Exercise »
Please copy out the entries below exactly, beginning with the line that contains "New In - Mango High-Rise Wide Leg Jean" and ending with the line that contains "Minimalistisch Oh Boy", and include nothing outside that span.

(Stored data entries)
= Beginning of Section =

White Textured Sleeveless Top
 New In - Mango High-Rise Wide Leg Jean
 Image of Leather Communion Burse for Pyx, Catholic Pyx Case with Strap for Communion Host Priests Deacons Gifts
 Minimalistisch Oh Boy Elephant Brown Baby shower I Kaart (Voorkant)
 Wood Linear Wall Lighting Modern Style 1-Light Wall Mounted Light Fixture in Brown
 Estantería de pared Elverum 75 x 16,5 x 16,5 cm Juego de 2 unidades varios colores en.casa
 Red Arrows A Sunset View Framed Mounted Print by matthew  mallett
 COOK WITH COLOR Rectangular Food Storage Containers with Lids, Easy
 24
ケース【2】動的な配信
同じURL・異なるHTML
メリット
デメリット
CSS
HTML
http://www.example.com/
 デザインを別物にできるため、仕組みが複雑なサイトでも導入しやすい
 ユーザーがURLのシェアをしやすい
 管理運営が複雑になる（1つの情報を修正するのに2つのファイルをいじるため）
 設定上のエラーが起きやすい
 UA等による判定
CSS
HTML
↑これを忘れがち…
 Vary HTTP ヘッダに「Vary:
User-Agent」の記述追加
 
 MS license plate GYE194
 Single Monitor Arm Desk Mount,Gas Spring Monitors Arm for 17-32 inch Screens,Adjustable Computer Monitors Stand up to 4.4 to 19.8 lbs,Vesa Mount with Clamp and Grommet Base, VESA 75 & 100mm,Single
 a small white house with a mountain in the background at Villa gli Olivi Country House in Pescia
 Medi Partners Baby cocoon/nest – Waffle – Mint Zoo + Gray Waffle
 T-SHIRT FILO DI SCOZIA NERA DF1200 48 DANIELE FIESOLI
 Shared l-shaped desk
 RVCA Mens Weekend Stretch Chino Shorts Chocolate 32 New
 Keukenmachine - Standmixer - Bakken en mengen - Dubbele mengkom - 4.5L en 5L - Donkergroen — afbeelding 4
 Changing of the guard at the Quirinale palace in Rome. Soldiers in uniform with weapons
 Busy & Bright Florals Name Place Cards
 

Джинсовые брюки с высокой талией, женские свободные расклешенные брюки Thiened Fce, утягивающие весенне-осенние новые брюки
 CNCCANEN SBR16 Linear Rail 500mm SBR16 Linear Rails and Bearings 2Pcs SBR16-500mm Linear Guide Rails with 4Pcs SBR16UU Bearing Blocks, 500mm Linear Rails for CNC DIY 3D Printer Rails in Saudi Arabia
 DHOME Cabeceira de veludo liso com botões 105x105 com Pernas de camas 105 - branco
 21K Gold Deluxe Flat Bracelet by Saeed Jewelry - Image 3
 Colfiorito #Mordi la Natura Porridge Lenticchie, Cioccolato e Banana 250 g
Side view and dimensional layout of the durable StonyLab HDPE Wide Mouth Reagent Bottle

= End of Section =

Answer section »
 New In - Mango High-Rise Wide Leg Jean
 Image of Leather Communion Burse for Pyx, Catholic Pyx Case with Strap for Communion Host Priests Deacons Gifts
 Minimalistisch Oh Boy Elephant Brown Baby shower I Kaart (Voorkant)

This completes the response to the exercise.